# emerge sync erreur

## Arcord

Salut,

Je viens de commencer l'installation de la 1.4rc2 sur un PC qui va me servir de passerelle/firewall et de stockage, mais lors du emerge sync (donc au début de l'installation), il me sort:

rsync: getaddrinfo: rsync.gentoo.org 873. Temporary failure in name resolution.

rsync error: error in socket IO (code 10)  at clientserver.c(97)

Ca veut dire quoi?

C'est le serveur qui n'est pas joignable pour l'instant ou bien c'est une erreur de mon côté?

----------

## spOOwn

d'apres ce que tu dis, c'est soite que le serveur n'est pas joignable,donc temporairement down on va dire...

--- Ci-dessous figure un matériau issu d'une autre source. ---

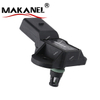 Universal Auto Parts Engine Intake Pressure Sensor 06g906051 0261230291 03c906051 0279980411 965860618010 For Vw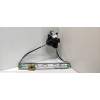 Recambio de elevalunas delantero izquierdo para ford transit connect combi 220 l1 ambiente referencia OEM IAM DT11V23201BD  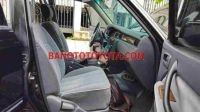 Cần bán xe Toyota Crown Số tự động 1996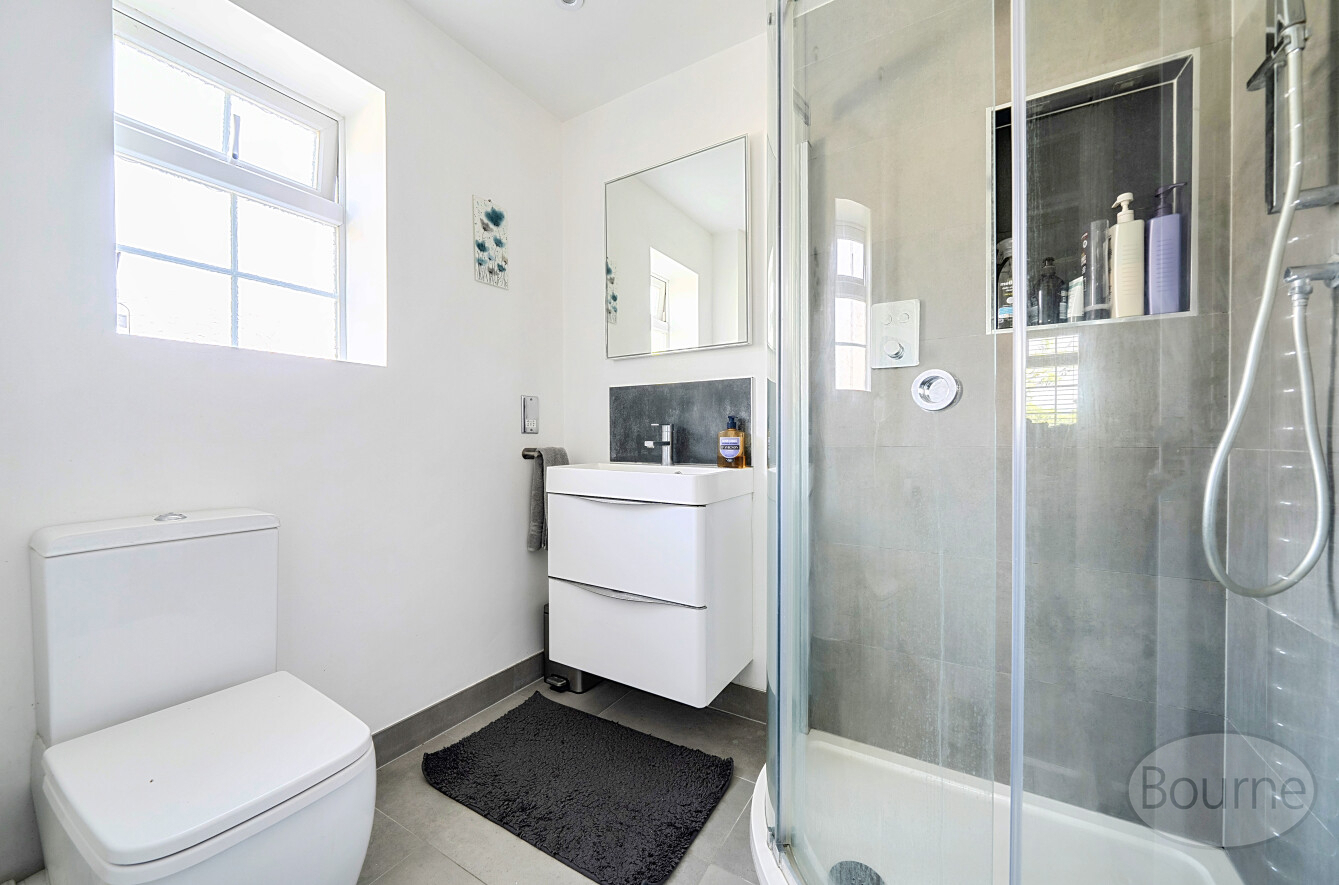 Tangley Lane, Guildford, Surrey, GU3, photo 16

soit ta connection qui foire en ce moment !

pour verifié ces choses, tu peux deja regardé ton fichiers make.conf pour voir si le server rsync est bien noté vers la bonne adresse, mais apprement ca va , et au debut de l'install executé une commande pour voir si le réseau fonction chez toi, c'est a dire, /sbin/ifconfig -a comme il est mis dans la doc quoi...

----------

## Arcord

Ok, c'est bien ce que je pensais.

Le réseau est Ok chez moi et internet fonctionne.

Donc j'ai plus qu'à attendre que le serveur soit Ok. Ouf

----------

## dioxmat

si la connection a lair ok, regarde du cote du dns. (/etc/resolv.conf est un bon debut...)

----------

## Arcord

En fait, j'ai laissé le PC "attendre" cette nuit, puis ce matin j'ai retenté l'opération -> ca roule.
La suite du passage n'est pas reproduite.